Except the weather forecast had other plans. There wasn’t enough time anymore to waste: snow was coming, and probably to stay too for weeks. Which meant we only had this one chance to move for the summit. Those who wanted a rest in camp 1 would start the next day, while those who were okay with the long way straight to camp 2 would get a day.

I decided to go to camp 1 first, because I felt that while climbing to camp 2 straight is possible, it’d tire me too much considering we’d have to move on to camp 3 and then the summit as well. Already on the second rotation the climb to camp 1 felt easy, so I wasn’t worried about that. We started super early from base camp to avoid the heat and the snowmelt, so we were in camp 1 roasting in the sun (or boiling in our tents) in the morning already. Much to my surprise I heard Hungarian words from the next tent: Klein David, a veteran climber was also on the mountain (I had no idea).

Next morning we once again started early to avoid the heat, and climbed to camp 2. Because of the repeated melt and freeze, the route felt much more difficult. More ice, more (super fragile and weak) rocks, less snow. This was the only part of the climb where I wanted to use my ice axe. Even so the climb took less time (thanks acclimatization), so I was chilling in camp before noon. There was some confusion about who goes in which tent with who (our guides refusing to organize it), but of course there was enough space for everyone, so I wasn’t left without roof.

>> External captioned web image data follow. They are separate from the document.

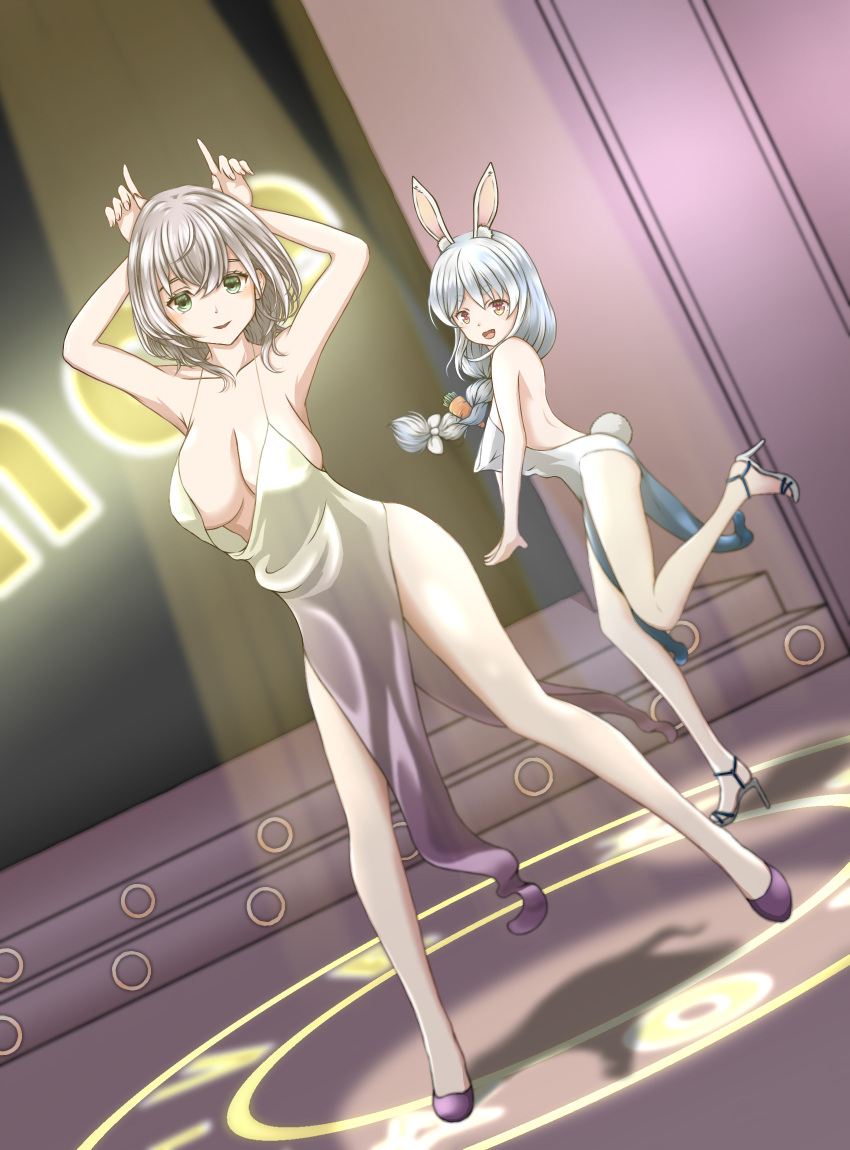 2girls :d animal_ears armpits arms_up blue_dress blue_hair bow breasts carrot_hair_ornament commentary dancing downblouse dress english_commentary finger_horns food-themed_hair_ornament foot_up gradient_dress green_eyes hair_bow hair_ornament halterneck high_heels highres hololive legs_apart low_neckline mukuro_viru77 multicolored_hair multiple_girls open_mouth orange_eyes purple_dress purple_footwear rabbit_ears rabbit_tail shirogane_noel silver_hair smile spotlight stage tail two-tone_hair under_boob usada_pekora white_bow white_dress white_footwear white_hair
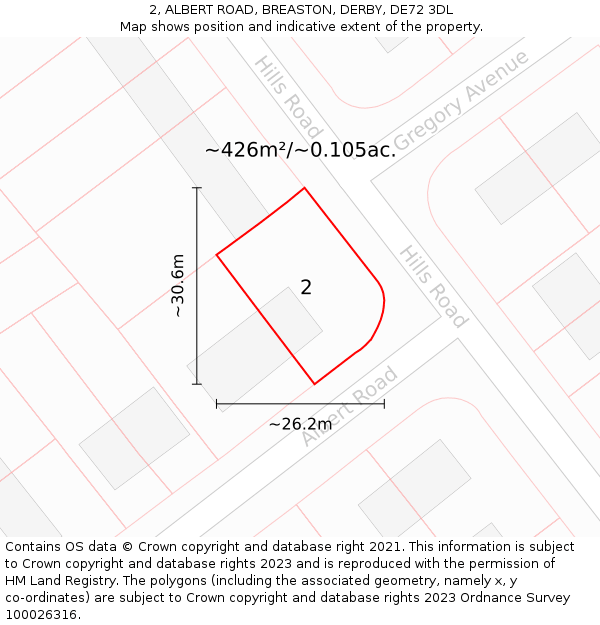 2, ALBERT ROAD, BREASTON, DERBY, DE72 3DL: Plot and title map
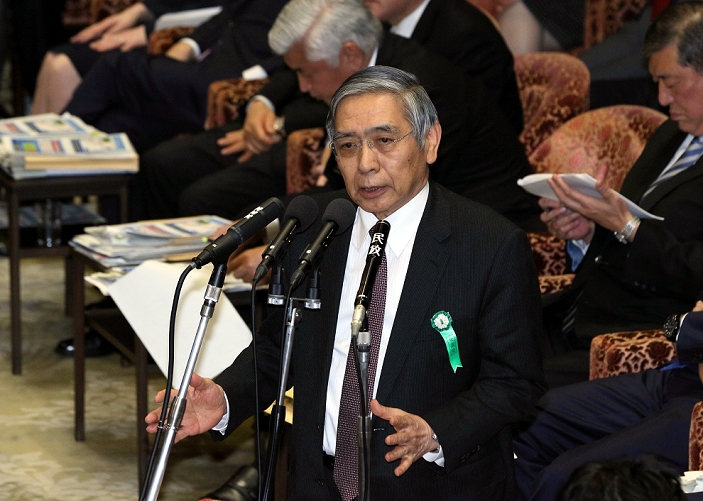 Budget Committee of the House of Representatives Attended by Bank of Japan Governor Kuroda Governor of the Bank of Japan Haruhiko Kuroda  answers question during House of Representatives Budget Committe at the National Diet in Tokyo, Japan on 3 Feb 2016.  Photo by Motoo Naka AFLO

Here already some people decided or were told to turn around. I was by no means the strongest member on the team, but climbing to camp 2 wasn’t even tiring anymore, so I was really confused why some people decided to give up without even reaching camp 3. I guess not everyone’s body adjusted well enough…

The climb to camp 3 was new terrain. Naturally we started before the sun hit the slopes. A guide recommended wearing the down suit instead of carrying it, so I tried that, but in 20 minutes I was already overheating (even without the sun), so I quickly (as quickly as possible) shed it and stuffed it in my backpack. Which now weighed a bit more than I was happy about, with my sleeping bag and everything.

The climb itself was very long. Start with an icy-snowy slope into a rocky, steep area (with scary amounts of ice and rockfall), into a super long and quite steep snowy climb, this time with the included “fun” of the occasional crevasse. Of course we had the fixed ropes for safety, but it’s still scary to step over a huge gap in the ice…

It took almost seven hours to reach camp 3, which was almost as much as the combined time from base camp to camp 2, but still less than the 8 hours some people on the team were talking about. Camp 3 being almost at 7000m altitude (possibly as high as the summit of Aconcagua), even in the middle of the day it was so cold that I was climbing wearing my warm hat, buff and light down jacket (in comparison I climbed to camp 2 in one light shirt).